Monday, August 2, 2010

Unified Field Theory as a Pipe Dream

Not much in physics bugs me--most likely because I am not very well-versed in sciences in general. I did not read that guy's book, I didn't attend that seminar, and to be completely honest, the answer to "did you do your homework?" falls somewhere between "uhm..." and "hahahahahaha! seriously!?!".

But one thing--above all others--does. It is the idea of the Theory of Everything. It has many guises--and many refer to it as Unified Field Theory these days. Unified Field Theory (a variation of the theory of everything which reduces all to field equations) is a type of field theory that would allow all that may be thought of as fundamental forces and elementary particles to be written in terms of a single field (thank you wikipedia!). This condenses all force, all matter--into one equation (complexity unknown).

Sure this sounds difficult, but possible, right?

Wrong.

Let me explain.

So there was this smart guy named Gödel--a mathematician.
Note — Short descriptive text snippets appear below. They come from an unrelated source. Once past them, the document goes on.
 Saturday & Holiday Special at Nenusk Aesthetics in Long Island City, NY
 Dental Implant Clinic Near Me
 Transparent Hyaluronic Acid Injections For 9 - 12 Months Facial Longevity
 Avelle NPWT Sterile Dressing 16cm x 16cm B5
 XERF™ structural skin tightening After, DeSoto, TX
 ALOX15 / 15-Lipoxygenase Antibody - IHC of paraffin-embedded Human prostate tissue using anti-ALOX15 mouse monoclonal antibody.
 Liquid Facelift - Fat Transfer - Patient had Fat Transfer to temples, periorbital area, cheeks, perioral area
He axiomated an approach to logic and validation in the form of two theorems that reference eachother that established upper limits to all but the most trivial mathematical systems. These are called "Gödel's Incompleteness Theorems".

The first incompleteness theorem states that no consistent system of axioms whose theorems can be listed by an "effective procedure" is capable of proving all facts about natural numbers. Basically, no theory or set of theories can prove everything about numerical processes.
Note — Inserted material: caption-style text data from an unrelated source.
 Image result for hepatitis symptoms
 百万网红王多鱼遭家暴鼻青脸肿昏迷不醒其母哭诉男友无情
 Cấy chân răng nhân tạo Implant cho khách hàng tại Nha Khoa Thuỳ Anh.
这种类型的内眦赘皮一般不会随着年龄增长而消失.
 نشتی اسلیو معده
The second incompleteness theorem shows that if this system is also capable of proving basic facts about the natural numbers, then one arithmetic truth the system cannot prove is the consistency of the system itself. Or, that if the system proves something about natural numbers, then the system cannot be proven to be true.

The ramifications of this should be startling--basically any theory that involves the natural numbers cannot be complete--it is either missing some element or it itself cannot be proven to be true--it is a theory that proves incompleteness reigns.

Any "Unified Field Theory" will certainly be a consistent, non-trivial mathematical theory--and therefore, by these, it must also be incomplete. Unified Field Theory brings us nowhere--good news for us physicists!

Q.E.D.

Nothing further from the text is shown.